Il passaggio da Lonny Breaux a Frank Ocean fu un momento cruciale nella carriera di Frank che significò una nuova direzione per i suoi obiettivi. Con questo nuovo nome, Frank non avrebbe semplicemente lavorato nell’industria musicale. L’avrebbe ridefinita.

“C’è stato un punto in cui componevo per altre persone, e sarebbe stato comodo continuare a farlo e godersi quel flusso di reddito e l’anonimato. Ma non è per questo che mi sono allontanato dalla scuola e dalla famiglia”. – Frank Ocean con la BBC (2012)

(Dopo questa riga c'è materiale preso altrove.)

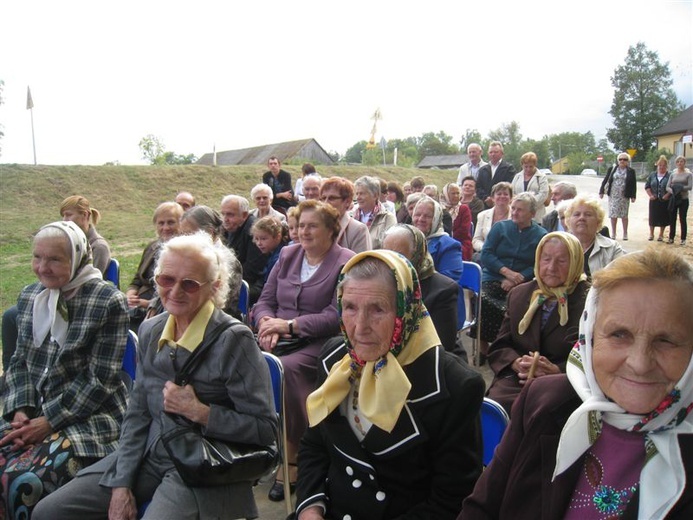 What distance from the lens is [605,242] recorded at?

christopher "lonny" breaux

christopher "lonny" breaux

I primi successi canori di Frank hanno attirato l’interesse di Christopher “Tricky” Stewart, il produttore dietro successi come “Umbrella” di Rihanna e “Single Ladies” di Beyoncé. Tricky si avvicinò a Frank con la promessa di una carriera da solista, e finì per firmare il giovane cantautore alla Def Jam come artista solista alla fine del 2009. Ma la Def Jam non gli ha mai dato un budget di registrazione e sembrava disinteressata al suo futuro nel migliore dei casi.

La frustrazione di Frank con l’etichetta è cresciuta per diversi mesi fino a quando un giorno ha deciso di scrivere e produrre un disco senza la sua etichetta, ispirato dai suoi coorti Odd Future. Il progetto sarebbe uscito indipendentemente e gratuitamente sul tumblr di Frank sotto il suo nuovo moniker, “Frank Ocean”. Con l’aiuto dei suoi compagni della Odd Future, il mixtape ha colpito le onde digitali come un treno merci.

Nostalgia, Ultra ha segnato la fine dell’era Lonny Breaux, ma ha anche rappresentato un nuovo grande inizio per Frank Ocean – proprio come l’uragano Katrina aveva fatto sei anni prima.